▸ **Dataset records**:
↓↓↓
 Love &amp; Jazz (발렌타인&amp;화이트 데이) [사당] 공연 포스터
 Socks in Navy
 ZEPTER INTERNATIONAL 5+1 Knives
↑↑↑
↓↓↓
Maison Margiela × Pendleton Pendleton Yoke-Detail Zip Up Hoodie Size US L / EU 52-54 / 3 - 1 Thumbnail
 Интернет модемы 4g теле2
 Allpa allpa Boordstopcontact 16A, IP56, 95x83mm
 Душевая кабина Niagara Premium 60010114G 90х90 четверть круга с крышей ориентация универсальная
↑↑↑
↓↓↓
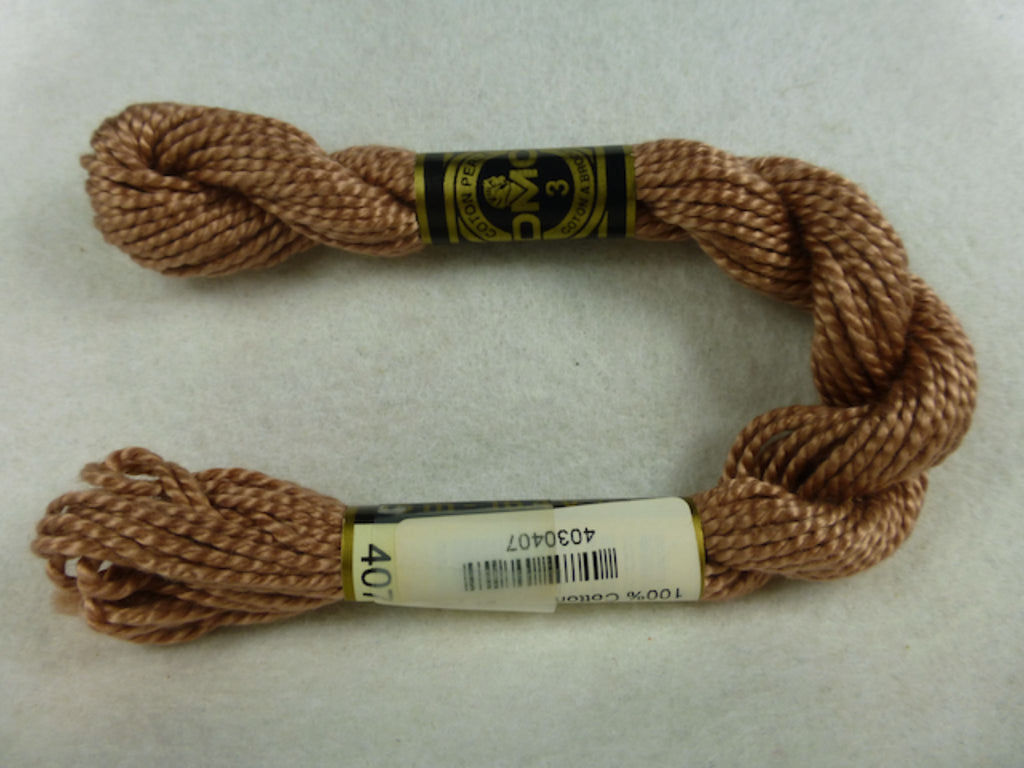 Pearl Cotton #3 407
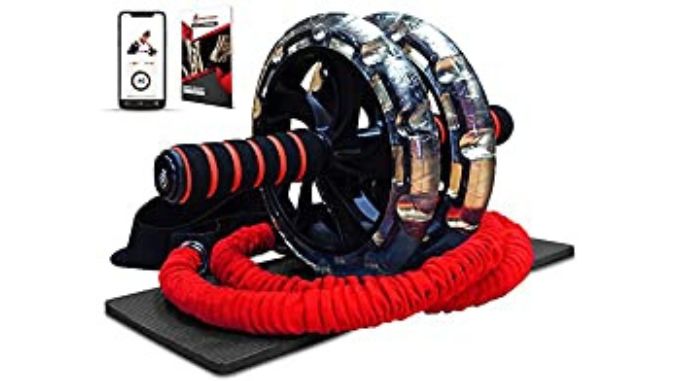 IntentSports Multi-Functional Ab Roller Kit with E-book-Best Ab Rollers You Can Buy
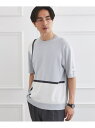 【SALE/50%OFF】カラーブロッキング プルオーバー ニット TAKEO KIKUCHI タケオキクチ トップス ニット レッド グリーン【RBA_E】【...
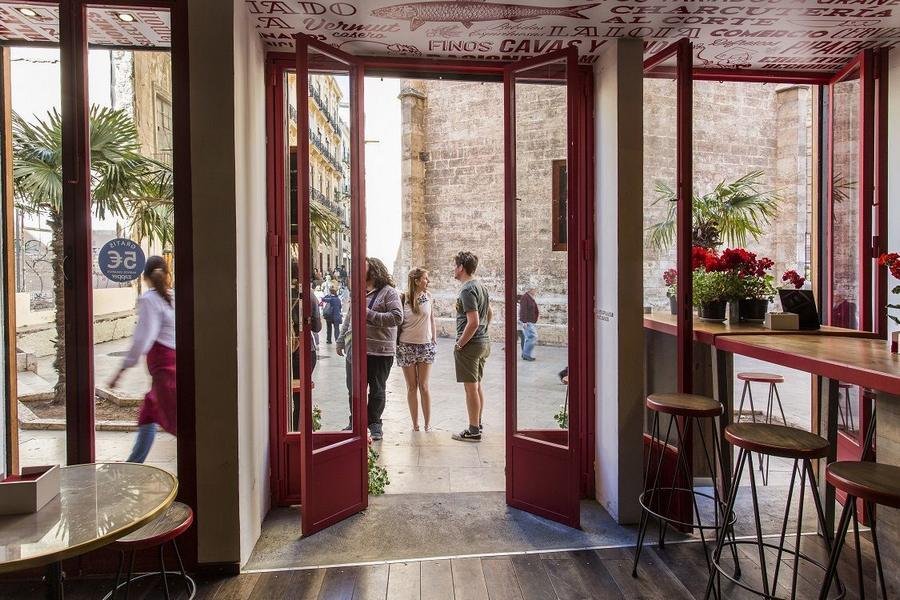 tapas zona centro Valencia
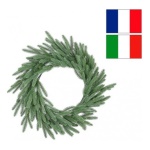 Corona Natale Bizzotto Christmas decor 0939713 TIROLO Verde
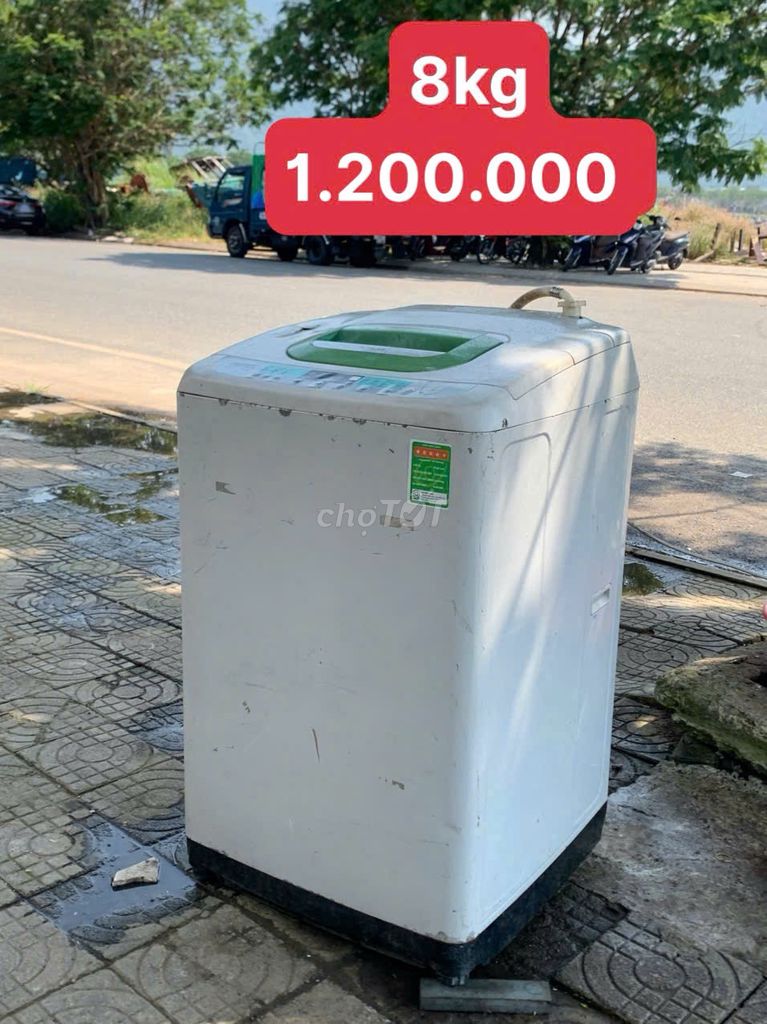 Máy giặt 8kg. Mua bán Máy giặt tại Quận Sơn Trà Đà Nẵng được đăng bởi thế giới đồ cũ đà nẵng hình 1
↑↑↑
▸ **Problem to work on**: Transcribe, word for word, the stretch of lines in the data above from the one with "ニット レッド グリーン【RBA_E】【..." through the one with "Máy giặt 8kg."; omit all pictures.

▸ **Final answer**:
 【SALE/50%OFF】カラーブロッキング プルオーバー ニット TAKEO KIKUCHI タケオキクチ トップス ニット レッド グリーン【RBA_E】【...
 tapas zona centro Valencia
 Corona Natale Bizzotto Christmas decor 0939713 TIROLO Verde
 Máy giặt 8kg. Mua bán Máy giặt tại Quận Sơn Trà Đà Nẵng được đăng bởi thế giới đồ cũ đà nẵng hình 1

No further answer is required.